He indicated that he thinks of himself "not just" as a U.S. citizen, but as a "citizen of the world."
As a child, "I learned a lot about the dislocations, the packing up, the moving, saying goodbye to friends, meeting new friends, being in a foreign country," Kerry told the U.S. Embassy-London staff on Monday.
"And that experience, I’ll tell you, truly, is one that just lasts with you forever. I think back on the – such sense of independence that I gained and the confidence about meeting people in another country, seeing another culture, learning another language, and seeing the rest of the world.
"And in the end, we are not just – though we are proudly citizens of the United States of America, we are also citizens of the world."

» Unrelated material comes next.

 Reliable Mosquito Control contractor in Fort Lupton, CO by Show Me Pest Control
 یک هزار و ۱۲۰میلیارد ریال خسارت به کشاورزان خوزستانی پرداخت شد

Kerry told the Embassy staff that foreign policy nowadays is "much tougher" than it used to be -- because "all those forces that got tampered down by totalitarianism during the 20th century have all been unleashed. And now you see the sectarianism, the tribalism, and nationalism and these individual aspirations, and it’s tougher with a lot of young people all communicating to each other through the internet and social media, all having these big aspirations and leaders that are fighting against modernity. That’s what’s going on."
Kerry told embassy employees the U.S. is making a difference around the world. He cited the fight against AIDS in Africa, help for earthquake victims in Haiti, and the war on drugs.